04/01/2015 08:38 am ET | Updated May 31, 2015

One of the great things that makes America special is its national belief that the "rags to riches" tale can happen here. For generations, immigrants have streamed into the country, sometimes bringing only what they could carry, because they knew of the economic opportunity that America presented. No matter how poor they were in Italy, Russia, Ireland, Mexico, or China, immigrants have known for generations that no society presents as much economic opportunity as ours. I know this personally from my experiences growing up in an immigrant family from Puerto Rico. We lived in a tiny apartment in Brooklyn with multiple relatives. We didn't always have a lot, but we knew we had a future here. In time, I became a successful serial entrepreneur. I am living proof that the American Dream still exists.

Unfortunately, many Americans are losing faith that the American Dream can still be achieved. A CNN poll from 2014 showed that 59% of Americans think the American Dream is unreachable, compared to 54% in 2006. Why do individuals have so much unbelief in their personal future?

One of the great causes of this pessimism is the stagnation of upward mobility. By upward mobility, I mean the potential for people to climb from the lower rungs of the economic ladder to the higher ones. This progression used to be a distinct feature of American life, but today it is less of a reality. One study even claims that if you're born poor today, you are as likely to stay poor as your grandparents were Another showed that half of people in the lowest income bracket were just as likely to be there 10 years later. Both Republicans and Democrats agree that the issue of stagnant mobility could be the most important to the 2016 Presidential election.

The problem is real. So how do we fix it?

There are lots of pieces to the puzzle, but the largest component must be education. The correlation between income and education is very clear: the more you have, the more you (usually) make. Not only do we need to improve the quality of K-12 education, but equipping our students with strong skill sets in higher education is necessary as well. Unfortunately, higher education is one of the most expensive products in America: top-flight universities are rapidly heading toward a $70,000 per year price tag! The cost of higher education has restricted the ability of many lower-income individuals to obtain a college degree, and consequently, they haven't been able to ascend the ladder of higher income.

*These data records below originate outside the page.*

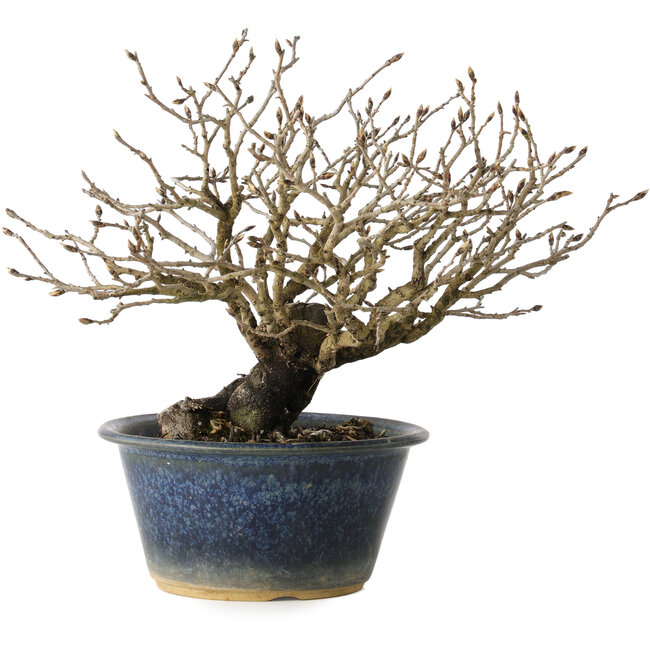 Diospyros kaki, 18 cm, ± 20 years old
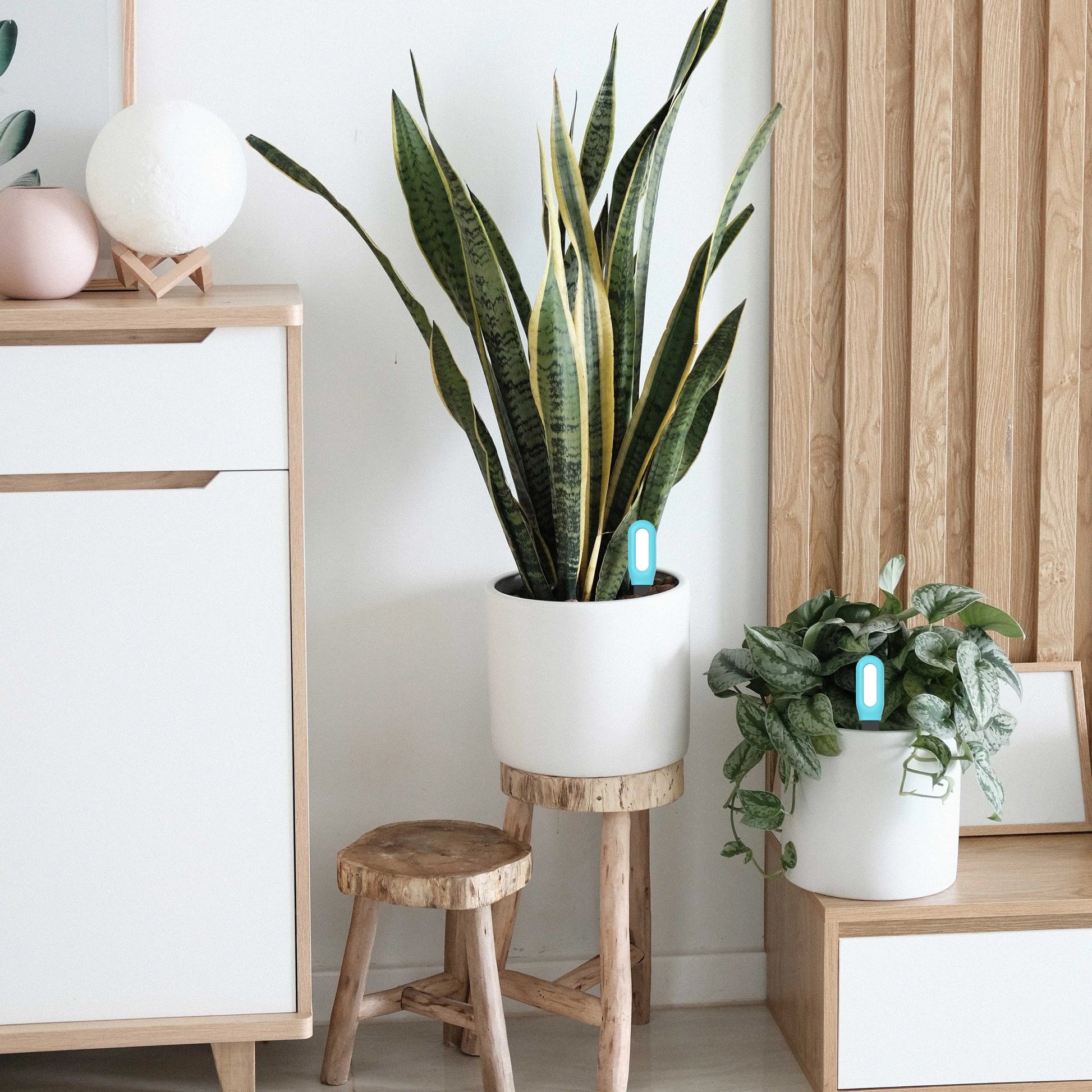 S845865992a634f7483109f84665ef3d2H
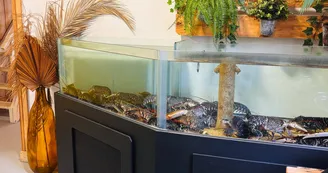 La Table de la Cèpe - Bistrot contemporain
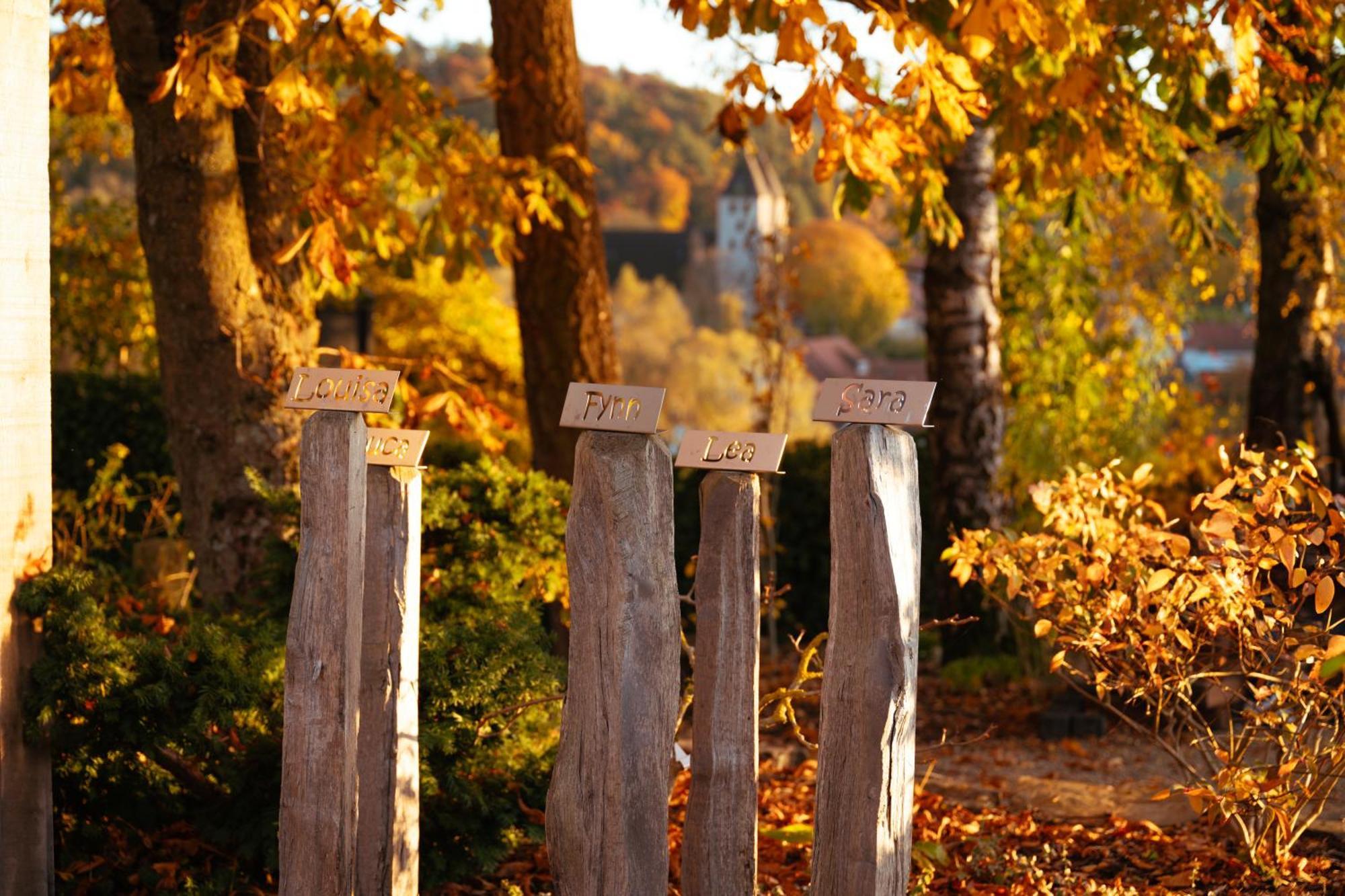 Sauerland-Tinyworld - Ihr Tiny Ferienhaus Im Sauerland Am Diemelsee Exteriér fotografie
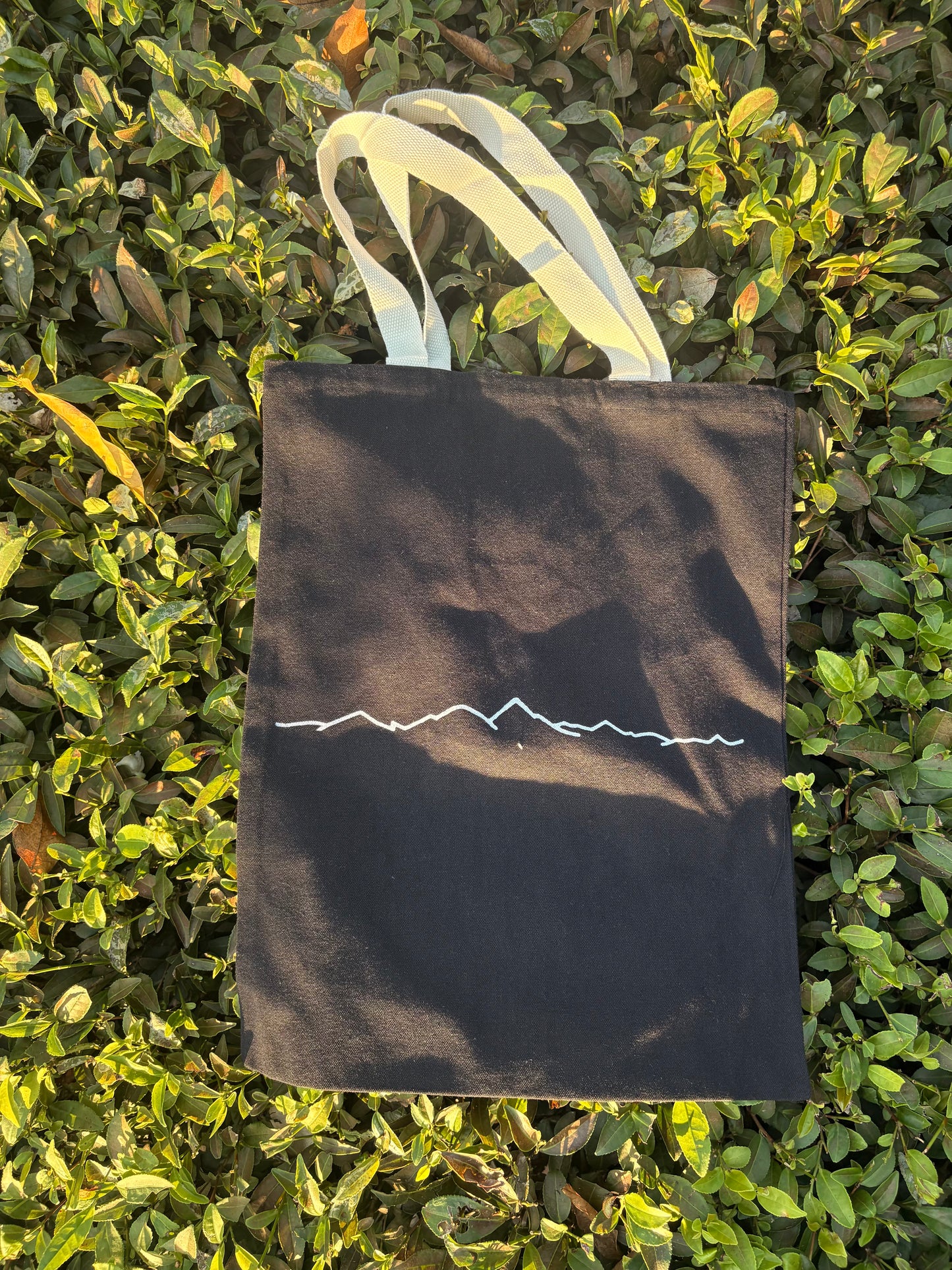 The Tote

The incredible price increase of a four-year college degree means that a community college education is growing as a value proposition. Community colleges usually cost a good deal less in tuition than four-year colleges, and they place a greater emphasis on equipping their students with hard, workplace-relevant skills (accounting, nursing, IT, etc.) over less objective subjects like literature, psychology, or art (not that those are bad things). Unfortunately, many students in community college come from disadvantaged backgrounds, and need extra attention and guidance to succeed. What community colleges need now are greater numbers of guidance counselors, and better technological tools to help those counselors evaluate student progress and guide them toward sustainable career pathways.

President Obama's plan for free community college has a lot of promise for encouraging the kinds of economic mobility that the country needs.

People across the political spectrum might disagree on the causes of why mobility has stagnated, but it is obvious that more education, and especially a scaling up of community college education, should be part of the solution.